Reporting of observational studiesBMJ 2007; 335 doi: https://doi.org/10.1136/bmj.39351.581366.BE (Published 18 October 2007) Cite this as: BMJ 2007;335:783
- Peter M Rothwell, professor of clinical neurology,
- Meena Bhatia, research fellow
In this week's BMJ, von Elm and colleagues report the STROBE (strengthening the reporting of observational studies in epidemiology) statement, which recommends what should be included in an accurate and complete report of an analytical observational study.1
Observational epidemiology has made an immense contribution to our understanding of the causes and treatment of disease. Numerous causal associations between risks factors and disease have been identified (see box in version on bmj.com). Most of these observations have led to substantial improvements in public health by causing changes in policy or by leading to the development of effective treatments.
A few examples of important causal associations between risk factors and disease that have been identified by clinical epidemiological studies
Smoking and cancerw1
Radiation exposure and cancerw2
Lipids and coronary diseasew3
Blood pressure and strokew4
Sleeping position and sudden infant deathw5
Folate and risk of neural tube defectsw6
Hormone replacement therapy and breast cancerw7
Male circumcision and HIV infectionw8
Aspirin use and colorectal cancerw9
Observational studies are also essential for effective clinical practice. Cohort studies allow us to improve the reliability of diagnosis; to understand prognosis; to develop and validate risk scores to target treatment appropriately; to monitor the safety of treatments in routine practice; to identify treatment effects (adverse or beneficial) that are not reliably detected in trials (perhaps because they are too rare, have too long a latency, or are confined to people excluded from trials); and to estimate the effects of interventions in circumstances in which randomised trials are not feasible.
To make the most of the enormous potential of observational epidemiology to transform clinical practice and improve public health, studies must be designed and reported as rigorously as possible. However, as with other areas of research, including laboratory sciences2 3 and randomised controlled clinical trials,4 the design and reporting of epidemiological studies can be poor, with consequences for the reliability of results.5 6
Quality control is unlikely to improve in the near future, given the ever increasing number of medical journals, and the consequently reduced influence of peer review on the likelihood that poor quality research will be published. The STROBE guidelines on the reporting of epidemiological studies are therefore welcome.1 The summary paper published in this week's journal will be backed up by a more detailed document, which will explain the background and justification for each guideline. Such guidelines inevitably have limitations, and there is always a risk that poorly designed studies will be made more difficult to spot by superficial improvements in the way they are reported. However, experience with similar guidelines for reporting randomised trials and systematic reviews has generally been positive.
Are there any matters that are not covered by the STROBE guidelines or that deserve particular emphasis? Firstly, the definition and prespecification of outcomes is crucial, particularly in cohort studies, where composite outcomes are often used to increase statistical power. For example, outcomes such as “coronary events” and “cardiovascular events” are often used in studies of potential new risk factors for cardiovascular disease. However, these composites have no widely accepted standard definitions. In our systematic review of published studies of seven new vascular risk factors,7 of 266 eligible studies (167 case-control studies and 99 cohort studies), 56 (21%) reported a risk association based on a composite outcome. The 23 studies reporting composites of different coronary events used 11 different terms and 21 different composites. The 33 studies reporting composites of cardiac and extracardiac events (usually termed cardiovascular events) used 25 different composites, and seven studies gave no information on what events were included in their composite outcome.
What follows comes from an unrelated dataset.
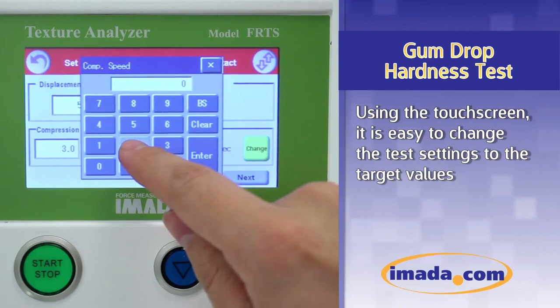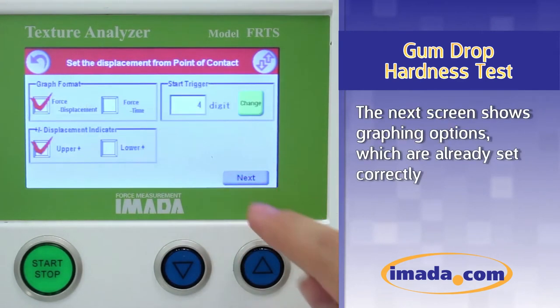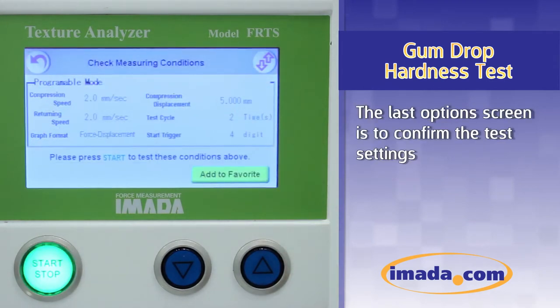Using the touchscreen, it is easy to change the test settings to the target values. The next screen shows graphing options which are already set correctly. The last option screen is to confirm the test settings.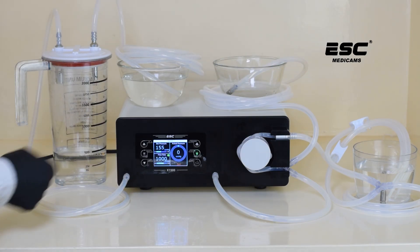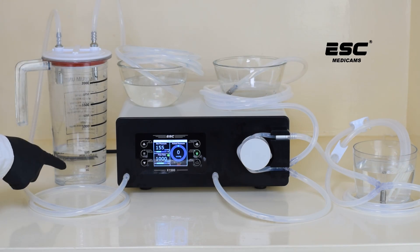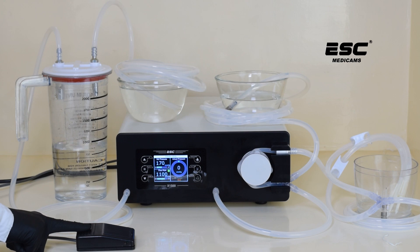Now let's begin. Press the suction button and you will see water from the bowl being sucked into the jar. The foot switch can also be used easily for suction.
Only one composite was used by two different studies, and these had the same authors. Such variation between studies undermines the potential to compare studies and perform meta-analysis. It also raises the possibility of post hoc choices of composites that are dependent on data—by far the most effective way to increase the “statistical power” of a study.
Secondly, the importance of reporting data on the precision of measurement of the exposure(s) under study also deserves particular emphasis, whether it is a physiological parameter or a behavioural risk factor. For example, in a recent systematic review of case-control studies of the use of aspirin and risk of colorectal cancer, only studies that collected and reported detailed exposure data stratified by dose, frequency, and duration of aspirin use identified the same strong protective effect of aspirin that was found by long term follow-up of randomised trials.8 Interestingly, smaller studies tended to have the most discriminating measures of exposure, resulting in a highly asymmetrical funnel plot, which could be misinterpreted as evidence of publication bias. The potential advantages of smaller more rigorous epidemiological studies over larger simpler studies have been outlined previously.5
Finally, the design of studies and the interpretation of results must have expert clinical input. Just as clinical studies can suffer from a lack of statistical and epidemiological expertise, epidemiological studies can suffer from a lack of clinical expertise. A statement about the extent of any input from people with relevant clinical expertise might be an additional future STROBE recommendation. Overall, however, the STROBE guidelines are an important and timely initiative, which researchers and journals should support and put into practice.
Web references w1-w9 are on bmj.com
Competing interests: None declared.
Provenance and peer review: Commissioned; not externally peer reviewed.